Se mettre à table pour goûter à des mets délicieux et boire du bon vin en compagnie d’autres invités sont des concepts qui évoquent la joie, le bonheur de vivre et l’accueil. D’une certaine manière, notre rôle à nous qui sommes chrétiens est semblable à celui du serviteur de cette parabole : nous sortons de notre communauté pour inviter les autres à la table de Jésus (Marc 16.15). Notre message doit être une invitation à la joie, à recevoir le don du salut éternel que Jésus nous offre libéralement, et nous devons montrer son amour à tous.
Souvent, ceux qui sont empêtrés dans les soucis et les préoccupations de la vie ne font pas attention à l’invitation ; nous devons malgré tout faire tout notre possible pour qu’ils comprennent qu’ils sont invités. Nous ne devrions pas cibler uniquement les personnes d’un rang social respectable, celles qui sont instruites et riches ou qui seront en mesure de nous rendre la pareille. L’invitation s’adresse à tous, y compris aux exclus de la société, aux parias, aux défavorisés et à ceux en compagnie desquels nous pourrions ne pas nous sentir à l’aise.
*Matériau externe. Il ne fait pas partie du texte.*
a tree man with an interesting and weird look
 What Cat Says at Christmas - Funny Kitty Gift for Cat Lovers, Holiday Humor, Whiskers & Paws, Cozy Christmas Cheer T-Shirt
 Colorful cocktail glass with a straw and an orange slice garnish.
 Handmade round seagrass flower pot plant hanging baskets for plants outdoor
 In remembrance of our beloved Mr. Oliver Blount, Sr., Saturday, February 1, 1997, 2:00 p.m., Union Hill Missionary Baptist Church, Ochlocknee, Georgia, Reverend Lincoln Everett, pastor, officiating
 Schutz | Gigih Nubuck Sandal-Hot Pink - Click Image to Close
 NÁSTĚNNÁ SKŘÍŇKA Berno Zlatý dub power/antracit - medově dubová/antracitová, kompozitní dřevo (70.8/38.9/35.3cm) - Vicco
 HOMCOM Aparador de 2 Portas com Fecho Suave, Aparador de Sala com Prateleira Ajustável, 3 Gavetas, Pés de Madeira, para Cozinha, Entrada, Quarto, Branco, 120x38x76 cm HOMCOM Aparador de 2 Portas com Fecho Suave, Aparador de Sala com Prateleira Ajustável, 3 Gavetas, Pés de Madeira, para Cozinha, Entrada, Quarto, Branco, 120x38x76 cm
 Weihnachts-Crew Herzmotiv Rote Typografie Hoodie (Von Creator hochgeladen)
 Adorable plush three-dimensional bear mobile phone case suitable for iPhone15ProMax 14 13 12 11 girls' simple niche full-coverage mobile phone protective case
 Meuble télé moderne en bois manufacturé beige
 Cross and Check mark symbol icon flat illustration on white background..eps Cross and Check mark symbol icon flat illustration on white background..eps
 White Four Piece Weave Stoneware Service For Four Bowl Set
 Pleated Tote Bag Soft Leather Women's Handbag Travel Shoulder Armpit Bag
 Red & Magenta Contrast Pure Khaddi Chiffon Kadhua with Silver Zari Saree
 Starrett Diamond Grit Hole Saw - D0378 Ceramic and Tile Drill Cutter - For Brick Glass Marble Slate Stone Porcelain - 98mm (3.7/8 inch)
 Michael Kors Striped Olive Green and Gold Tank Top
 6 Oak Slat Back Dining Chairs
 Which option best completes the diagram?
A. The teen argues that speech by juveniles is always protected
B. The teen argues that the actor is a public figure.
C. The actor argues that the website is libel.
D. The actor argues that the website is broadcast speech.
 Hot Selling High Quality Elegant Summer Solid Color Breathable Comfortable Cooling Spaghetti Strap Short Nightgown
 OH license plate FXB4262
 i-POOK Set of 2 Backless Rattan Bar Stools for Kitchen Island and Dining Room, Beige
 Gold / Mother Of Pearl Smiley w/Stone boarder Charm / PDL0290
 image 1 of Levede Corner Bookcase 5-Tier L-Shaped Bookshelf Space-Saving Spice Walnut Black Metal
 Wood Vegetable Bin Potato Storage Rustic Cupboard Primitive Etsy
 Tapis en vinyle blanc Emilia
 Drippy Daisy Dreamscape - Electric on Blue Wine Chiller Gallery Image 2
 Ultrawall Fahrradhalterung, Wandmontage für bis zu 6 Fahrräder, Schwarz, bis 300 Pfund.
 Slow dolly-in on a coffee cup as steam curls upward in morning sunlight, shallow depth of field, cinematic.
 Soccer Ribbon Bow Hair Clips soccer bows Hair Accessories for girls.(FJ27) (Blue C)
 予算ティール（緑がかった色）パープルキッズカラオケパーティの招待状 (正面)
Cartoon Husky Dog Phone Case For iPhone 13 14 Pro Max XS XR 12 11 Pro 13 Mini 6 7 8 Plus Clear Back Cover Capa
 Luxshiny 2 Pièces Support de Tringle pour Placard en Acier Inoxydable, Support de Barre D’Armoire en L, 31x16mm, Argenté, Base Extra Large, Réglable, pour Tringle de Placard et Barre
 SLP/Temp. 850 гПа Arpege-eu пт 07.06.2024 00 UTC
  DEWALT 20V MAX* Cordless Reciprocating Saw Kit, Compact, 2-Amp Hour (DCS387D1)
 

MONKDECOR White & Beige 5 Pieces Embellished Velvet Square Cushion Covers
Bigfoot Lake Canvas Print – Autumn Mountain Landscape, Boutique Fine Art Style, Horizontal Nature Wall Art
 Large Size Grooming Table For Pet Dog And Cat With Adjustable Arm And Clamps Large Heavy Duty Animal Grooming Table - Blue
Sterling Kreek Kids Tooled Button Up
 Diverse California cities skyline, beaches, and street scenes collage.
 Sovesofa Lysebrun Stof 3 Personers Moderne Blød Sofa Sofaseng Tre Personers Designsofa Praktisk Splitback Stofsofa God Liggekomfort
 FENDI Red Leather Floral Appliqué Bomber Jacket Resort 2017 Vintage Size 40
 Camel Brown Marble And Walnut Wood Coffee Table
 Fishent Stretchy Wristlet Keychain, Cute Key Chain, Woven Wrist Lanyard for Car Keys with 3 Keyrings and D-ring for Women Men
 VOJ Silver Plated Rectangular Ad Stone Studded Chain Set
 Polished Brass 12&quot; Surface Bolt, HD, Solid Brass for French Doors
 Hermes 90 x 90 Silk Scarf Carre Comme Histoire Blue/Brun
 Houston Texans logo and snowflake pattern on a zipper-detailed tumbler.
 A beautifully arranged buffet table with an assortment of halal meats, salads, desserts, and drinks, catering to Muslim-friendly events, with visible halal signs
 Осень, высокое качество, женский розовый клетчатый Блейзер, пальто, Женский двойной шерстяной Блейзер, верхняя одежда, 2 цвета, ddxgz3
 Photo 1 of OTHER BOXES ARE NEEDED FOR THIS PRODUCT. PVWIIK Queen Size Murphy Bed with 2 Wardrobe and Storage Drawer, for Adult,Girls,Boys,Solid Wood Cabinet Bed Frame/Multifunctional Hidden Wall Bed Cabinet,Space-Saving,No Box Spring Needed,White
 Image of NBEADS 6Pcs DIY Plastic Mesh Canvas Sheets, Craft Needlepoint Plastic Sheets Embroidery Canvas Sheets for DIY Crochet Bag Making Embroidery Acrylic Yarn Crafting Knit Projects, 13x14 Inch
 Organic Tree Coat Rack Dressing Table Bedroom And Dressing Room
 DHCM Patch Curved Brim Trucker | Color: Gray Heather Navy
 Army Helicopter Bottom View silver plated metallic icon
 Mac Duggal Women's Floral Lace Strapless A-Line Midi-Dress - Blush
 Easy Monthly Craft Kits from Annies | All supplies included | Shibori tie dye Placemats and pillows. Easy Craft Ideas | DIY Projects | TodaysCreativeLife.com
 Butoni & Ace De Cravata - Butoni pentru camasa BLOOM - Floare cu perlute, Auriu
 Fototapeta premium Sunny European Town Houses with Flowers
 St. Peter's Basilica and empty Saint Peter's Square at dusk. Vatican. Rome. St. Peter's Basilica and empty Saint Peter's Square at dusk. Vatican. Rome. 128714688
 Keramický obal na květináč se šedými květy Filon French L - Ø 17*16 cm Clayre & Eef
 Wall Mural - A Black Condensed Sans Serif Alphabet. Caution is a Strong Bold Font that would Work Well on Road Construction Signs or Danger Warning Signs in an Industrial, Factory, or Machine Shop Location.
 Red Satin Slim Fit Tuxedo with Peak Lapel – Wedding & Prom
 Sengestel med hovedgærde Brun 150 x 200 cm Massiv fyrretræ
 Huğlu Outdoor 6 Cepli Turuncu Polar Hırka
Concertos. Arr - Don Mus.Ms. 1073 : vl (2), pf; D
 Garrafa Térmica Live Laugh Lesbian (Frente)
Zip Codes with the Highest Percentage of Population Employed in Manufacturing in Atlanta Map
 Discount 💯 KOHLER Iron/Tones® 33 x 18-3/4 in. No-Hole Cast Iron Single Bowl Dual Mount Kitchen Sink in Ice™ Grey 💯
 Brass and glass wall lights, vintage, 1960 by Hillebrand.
Le message du royaume est la grâce. Il n’y a rien que nous puissions faire pour mériter d’être invités au banquet. Nous sommes invités, et nous devons simplement accepter l’invitation. C’est par la grâce que nous sommes sauvés. Mais chacun doit décider personnellement d’accepter cette grâce et de venir à la fête.
Première publication : décembre 2017. Adapté et réédité le 14 octobre 2024.
Traduit de l’original par Bruno Corticelli. Lu par Marcel Minéo.
[1] Kenneth E. Bailey, Jesus Through Middle Eastern Eyes [Jésus vu à travers le regard du Moyen-Orient] (Downers Grove. InterVarsity Press, 2008), 313.
[2] Kenneth E. Bailey, Through Peasant Eyes [À travers le regard d’un paysan,] 108.
[3] Klyne Snodgrass, Stories with Intent [Des récits pour instruire] (Grand Rapids: William B. Eerdmans, 2008), 314.